Anger is a universal feeling that we all deal with; it’s a subjective experience that looks differently for each individual. There are those of us that deal with their anger in large outbursts while others turn cold and silent. Even though humans (and some animals) have been experiencing anger for thousands of years, there are still a lot of misconceptions about it.
Some people say anger is an emotion in and of itself, others argue that it’s simply a mask for deeper feelings like pain, sadness, and rejection. On the other spectrum, people say it’s a negative experience (emotion or not) that should be avoided altogether.
But anger doesn’t necessarily have to be labeled as a bad thing. We all know that anger can be expressed in negative ways, but when we learn how to channel it in a healthy manner there can be some surprising benefits.
So as we explore the three main types of anger we’ll also explore how to manage each one in a way that can be more helpful. We’ll then look at some benefits of anger when it’s directed usefully.
3 Main Types of Anger
1. Passive Aggressive
This type of anger usually arises with an underlying motive. The individual seems calm on the outside, but will do questionable things or make questionable remarks that are hurtful.

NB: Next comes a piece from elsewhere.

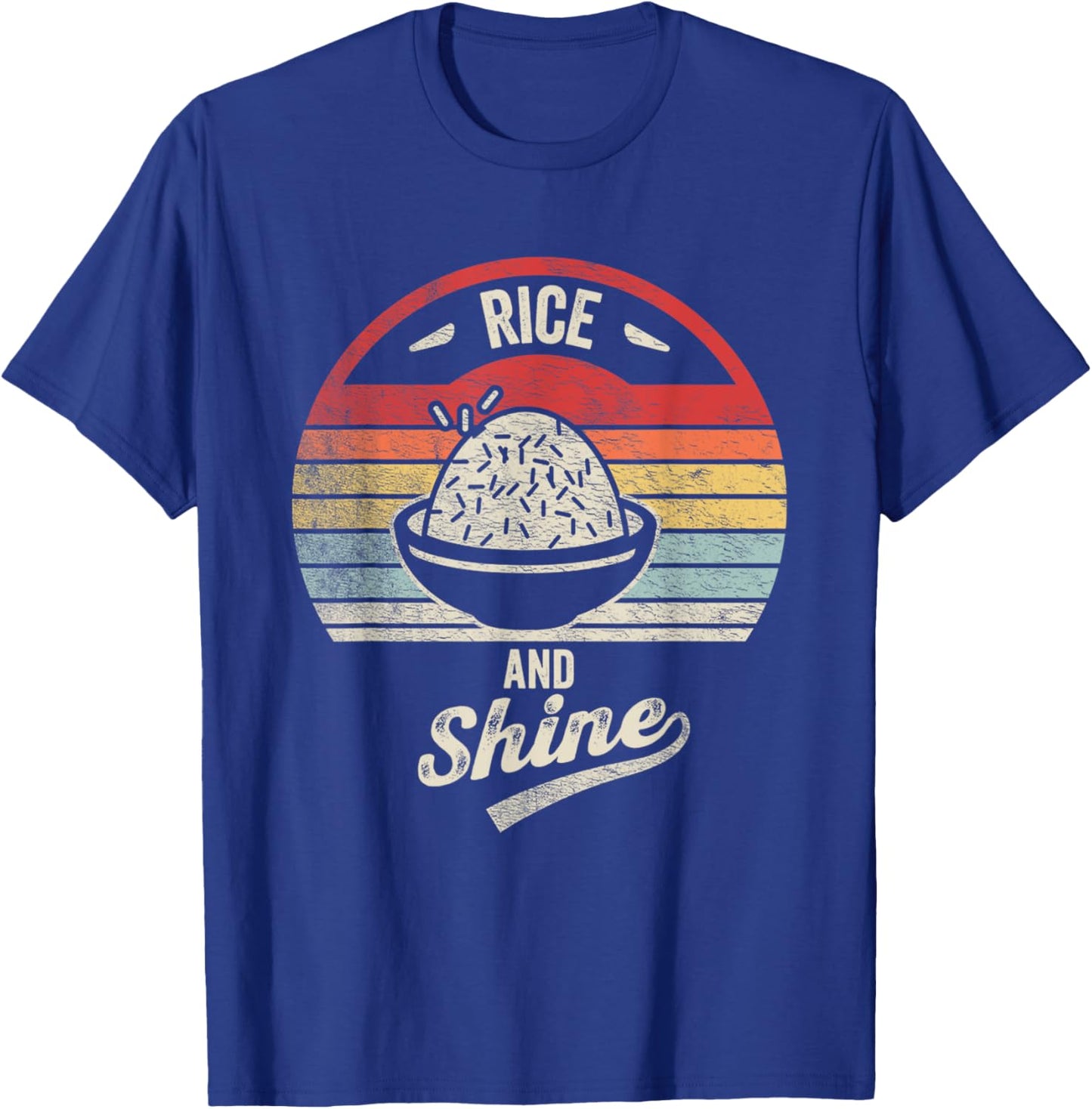 Retro Vintage Rice And Shine Sun Asian Foodie Rice Cooker T-Shirt - T-Shirt | Royal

They don’t attempt to have a conversation about what is bothering them (avoidant), instead they consciously or unconsciously come up with ways to avoid those emotions but still express them. This expression usually comes through with sarcasm, procrastination (in the workplace), and “fun” mockery that helps them get their point across.
It can be difficult to work with individuals that express their anger passive aggressively because of their unwillingness to confront the underlying issue.
Coping:
If you find yourself struggling with being passive aggressive, learn how to express your needs through assertive communication styles. Learning how to say “no,” communicating more directly, and expressing your opinions are all ways to avoid passive aggressive behaviors.
2. Open Aggression
This is the most obvious of anger styles. The anger comes out in forms of bullying, criticism, bickering, and physical or verbal aggression.

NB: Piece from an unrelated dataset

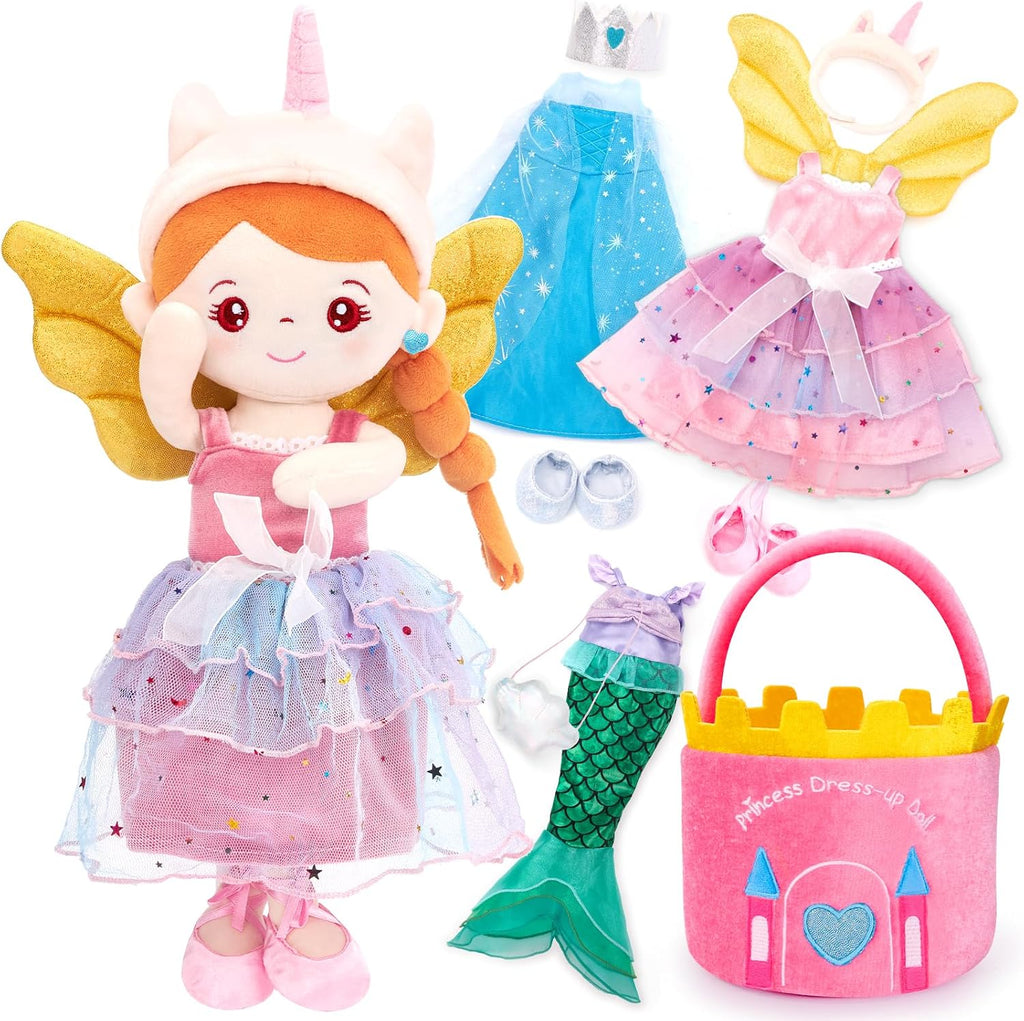 hahaland Juego de muñecas de disfraces – Juguetes de princesa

People with this style of anger usually have deep sources of pain, rejection, and mistreatment in the past that haven’t been dealt with. This past mistreatment then becomes the source for their open aggression to grow.
It’s pretty obvious why it can be difficult to work with people that experience open aggression. They may not try to hide their anger like those with passive aggressive tendencies, but they do hide the reasons behind all of their anger.
Coping:
Finding socially acceptable ways to get your rage out can be very beneficial. Things like exercise, relaxation techniques, stretching and meditation are ways to help redirect and minimize your anger. Learning communication techniques for anger can benefit you as well.
3. Assertive Anger
Assertive anger is the healthiest of anger styles as it’s focused on change. You don’t fixate on hurting others with your anger, instead you try to figure out how your needs can be met.

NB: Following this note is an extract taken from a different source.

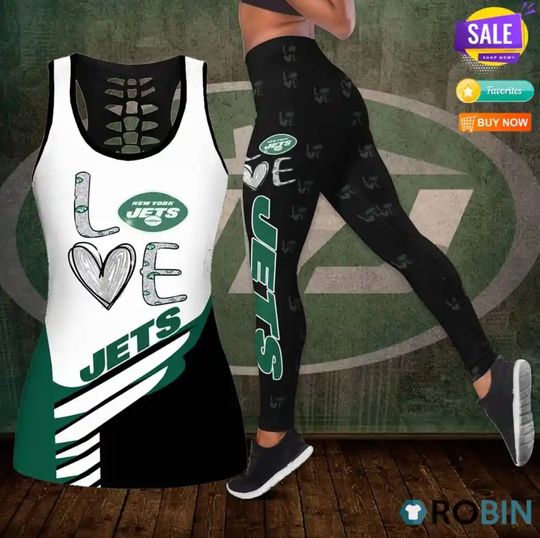 New York Jets Leggings And Tank Top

Although dealing with someone that is angry is never easy, communicating with someone that has an assertive anger style can be the “easiest” of the three types. This person isn’t name calling or pointing fingers, they are focused on finding a solution that works for everyone while still prioritizing their own well-being.
Coping:
Use your anger to overcome fears and spark growth that is needed in your life. You can have focused discussions with your loved ones knowing that your anger isn’t directed at them, but rather is directed at finding solutions to your pain points.
3 Benefits of Anger
1. Anger helps us know when we are feeling something deeper:
In effect, it grows our emotional intelligence.
When we take the time to ask why we’re feeling so angry, we can learn a lot about ourselves. Anger can stand as its own emotion but it is usually a sign that something deeper is going on.
Maybe our ego has been burned, maybe a situation has brought up old pains from childhood traumas, or maybe we struggle with self confidence so any sarcastic comments made out of fun hit directly through our shield to the insecurities that hide within.
Digging into the why behind our anger will help us see the areas that we have yet to work through.
2. Anger helps others know when something is wrong:
This one is pretty obvious, and I’m sure we’ve all been in situations where someone is angry and we actively try to avoid that person. Because we know something is wrong and we just don’t feel like dealing with someone else’s issues. Anger is a clear sign to others that something is wrong, and when it’s expressed constructively it can be a great way to help navigate situations in business, relationships, etc.
3. Anger can motivate us:
According to a study completed by the psychology department at Texas A&M, research has found that anger actually activates the part of the brain that is associated with positive approach behaviors (the left anterior cortex). This mumbo jumbo means that anger helps us move towards a stimulus rather than avoid it, aka, it helps us take action. Not only is that part of our brain stimulated, but we also experience physiological changes like increased blood pressure and a quickened heartbeat. The motivated sensations for approaching can trigger the actions needed to achieve a desirable result.
Learning how to control our anger can be a lifelong feat. However, it’s good for us to remember that we don’t need to run from anger completely. Instead, if we confront what’s causing the frustration and figure out ways to constructively communicate, we can spark change in our lives and the lives of those around us.